SPSS: THE BASICS
Kamal Heidari & Hamid Reza Hashemi
SPSS, standing for Statistical Package for the Social Sciences, is a powerful, user-friendly software package for the manipulation and statistical analysis of data. The package is particularly useful for students and researchers in psychology, sociology, psychiatry, and other behavioral sciences, containing of both univariate and multivariate procedures much used in these disciplines. However, it is often heard that the students can not handle and work efficiently with this package and the books compiled or translated about this software could not delineate the basic parts of SPSS and the way they operate. The present volume is a solution to this problem.
Who is this book for?
In general terms, this book is for anyone new to SPSS. No prior knowledge of statistics or mathematics is needed, or even expected. In specific terms, this book was written with two groups in mind: students who are not majoring in mathematics but are instructed to use SPSS, and office workers who are instructed to use SPSS to analyze some data. For most people who generate statistics, the complexity of using the software becomes an obstacle. Our purpose in writing this book was to show you how to move that obstacle out of the way with minimum effort.
How the book is organized
This book was written so you could read first; the basic parts of the package, to get yourself started with SPSS, and second; jump around to the main parts and programs as needed.

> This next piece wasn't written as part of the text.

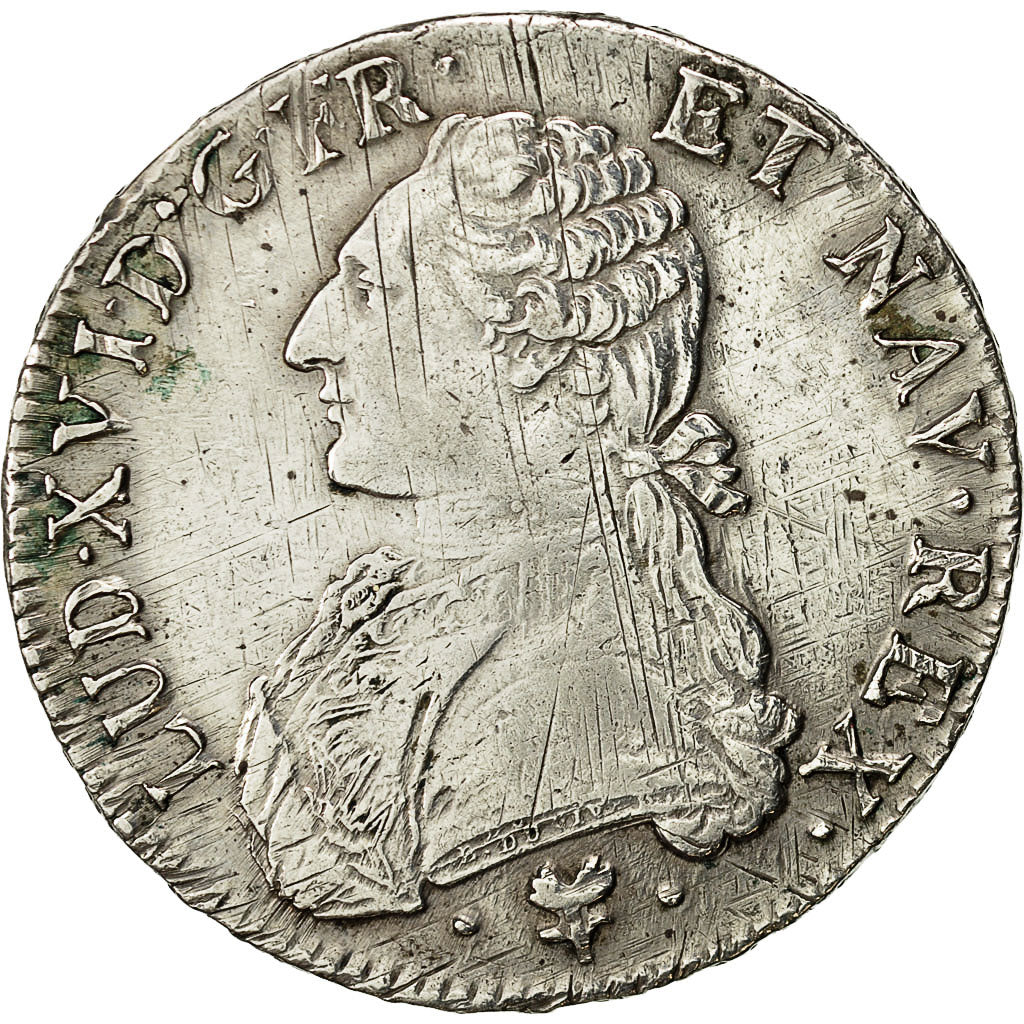 Munten, Frankrijk, Louis XVI, Écu aux branches d'olivier, Ecu, 1787, Bayonne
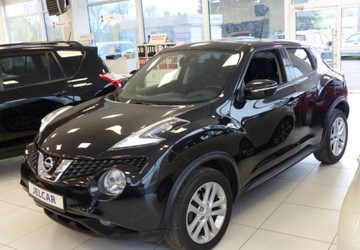 Nissan Juke I SUV Facelifting DIG-T 115KM 2015 Nissan Juke Facelifting 1.2 DIG-T 115KM Klimat...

SPSS is miscellaneous software, and we don’t claim to illuminate everything. However, we do claim that those programs and aspects which are often employed by students have been explained in detail. The book features step-by-step procedures that you can follow to see how SPSS operates. After you use the provided sample data and step through an example, you’ll have a handle on how to apply those steps to your data. The parts of the book divide the information about SPSS into its major categories. The chapters in each part further divide the information into smaller subcategories.